Retired Admiral Chris Barrie, an honorary professor at Australian National University’s Strategic and Defence Studies Centre, issued this warning in his foreword to a climate-change analysis titled “Existential Climate-related Security Risk: a Scenario Approach” authored by David Spratt and Ian Dunlop.
In the preface, Barrie said that after nuclear war, man-induced global warming was by far the greatest threat to civilisation and life on this planet.
Citing the analysis, Barrie said it was a real possibility that human civilisation might be on its way to extinction owing to global natural disasters, conflicts over depleting food supply and resources as well as massive climate refugee migration.
Hence, he said, we need strong political will and determination from governments, the business sector and communities to build a zero-emission industrial system and start restoring the planet in order to avert an apocalyptic end brought on by climate change.
“Our intelligence and security services have a vital role to play – and a fiduciary responsibility in accepting this existential climate threat and the need for a fundamentally different approach to its risk management – as central to their considerations and their advice to government,” he said.
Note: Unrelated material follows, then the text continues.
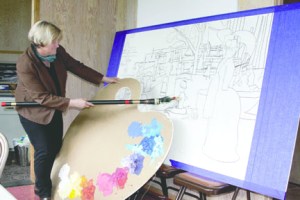 Port Angeles Fine Arts Center Executive Director Robin Anderson grapples with a Paint the Peninsula mural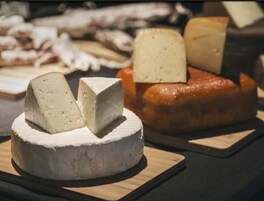 A cheese board with various types of cheese and a loaf of bread.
“A doomsday future is not inevitable! But without immediate drastic action our prospects are poor.”
According to the worst-case scenario portrayed in the analysis, the world we live in will soon suffer severe outcomes should global temperatures rise over 3 degrees Celsius by 2050.
It is estimated that by then, the world will enter the “hothouse” scenario, with melting polar ice caps causing the sea levels to rise by 0.5 metres by 2050 and by 2 to 3 metres by the end of the century.
The rising seas will drown major food-growing regions on the coastal plains as well as some of the world’s most populous cities such as Mumbai, Jakarta, Shanghai, Lagos and Bangkok.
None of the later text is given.